Please retype the entries that follow exactly as they are, leaving the images behind.

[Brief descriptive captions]
· · ·
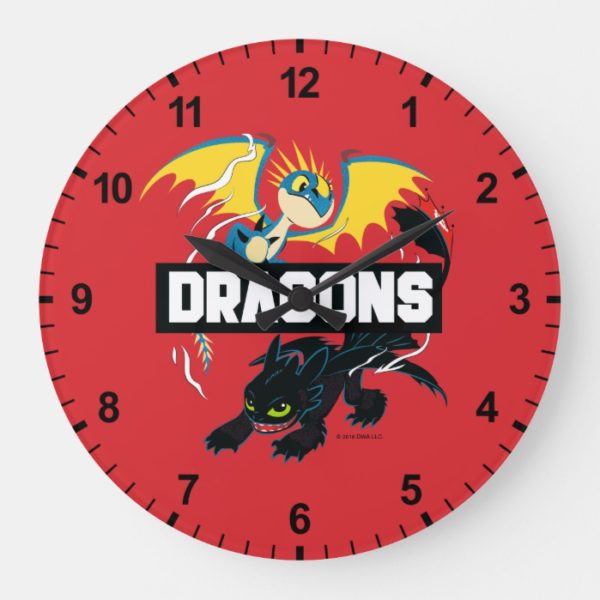 Stormfly & Toothless "Dragons" Graphic Large Clock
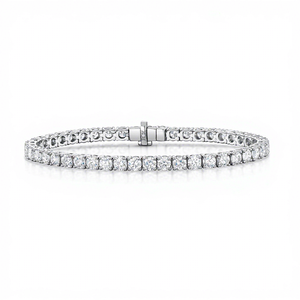 Pulsera de tenis clásica redonda de oro blanco de 18 quilates con diamantes de laboratorio |   Regalo de Lujo para Novia - Product Image 1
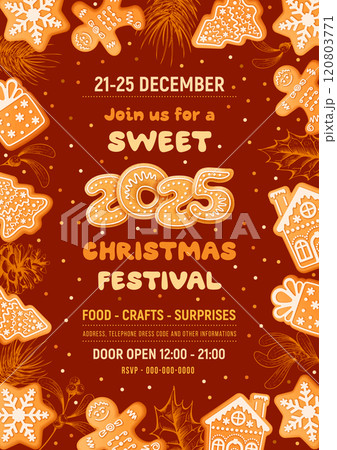 Merry Christmas And Happy New Year Party Poster Template With Gingerbread Cookies Merry Christmas And Happy New Year Party Poster Template With Gingerbread Cookies 120803771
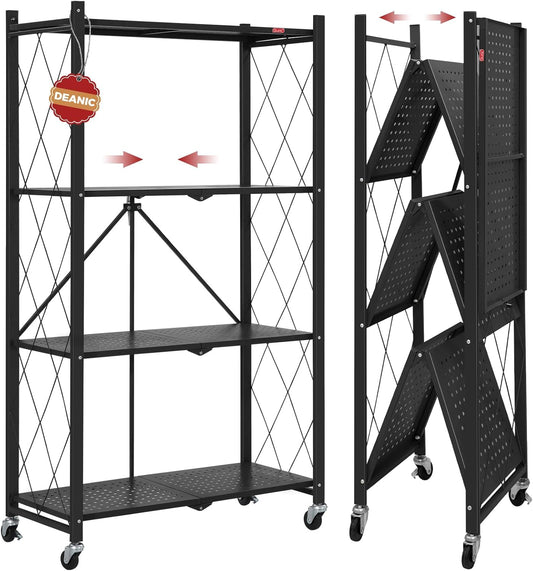DEANIC 4 Tier Foldable Storage Shelves with Wheels, Large Capacity Shelving Unit, Freestanding Metal Wire Shelf Rack, No Assembly Organizer Rack for Garage Kitchen, Basement, Pantry(Black)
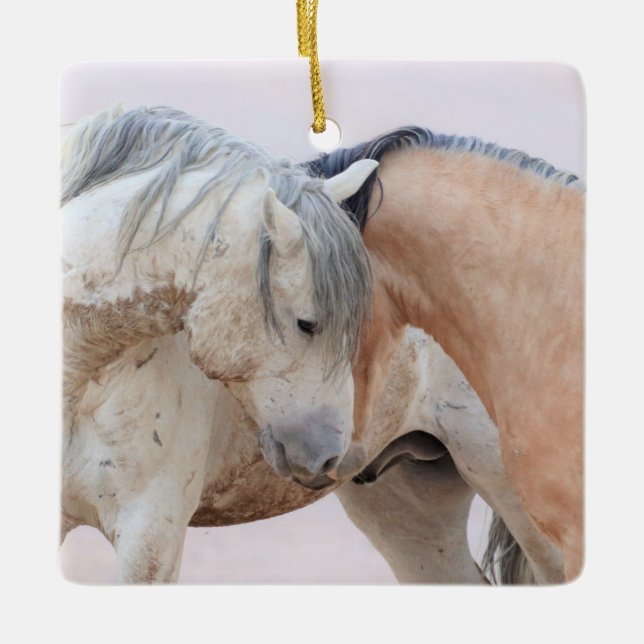 Onaqui Wild Horses Glass Ornament (Front)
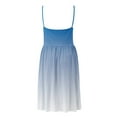 thumbnail image 4 of Summer Saving Wycnly Sundresses for Women Sleeveless V-Neck Gradient Print Knee-Length Dresses Beach Vacation Flowy Swing Spaghetti Strap Summer Dress Blue Up to 65% off, 4 of 4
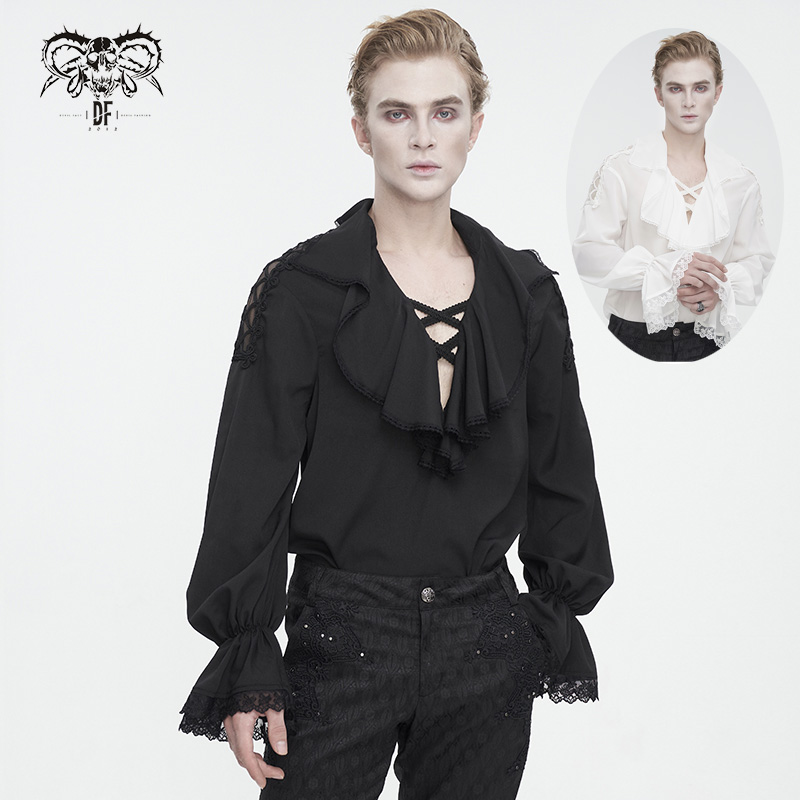 复古休闲哥特V领雪纺衬衫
· · ·
▶ _Task response_:
 Stormfly & Toothless "Dragons" Graphic Large Clock
 Pulsera de tenis clásica redonda de oro blanco de 18 quilates con diamantes de laboratorio |   Regalo de Lujo para Novia - Product Image 1
 Merry Christmas And Happy New Year Party Poster Template With Gingerbread Cookies Merry Christmas And Happy New Year Party Poster Template With Gingerbread Cookies 120803771
DEANIC 4 Tier Foldable Storage Shelves with Wheels, Large Capacity Shelving Unit, Freestanding Metal Wire Shelf Rack, No Assembly Organizer Rack for Garage Kitchen, Basement, Pantry(Black)
 Onaqui Wild Horses Glass Ornament (Front)
 thumbnail image 4 of Summer Saving Wycnly Sundresses for Women Sleeveless V-Neck Gradient Print Knee-Length Dresses Beach Vacation Flowy Swing Spaghetti Strap Summer Dress Blue Up to 65% off, 4 of 4
 复古休闲哥特V领雪纺衬衫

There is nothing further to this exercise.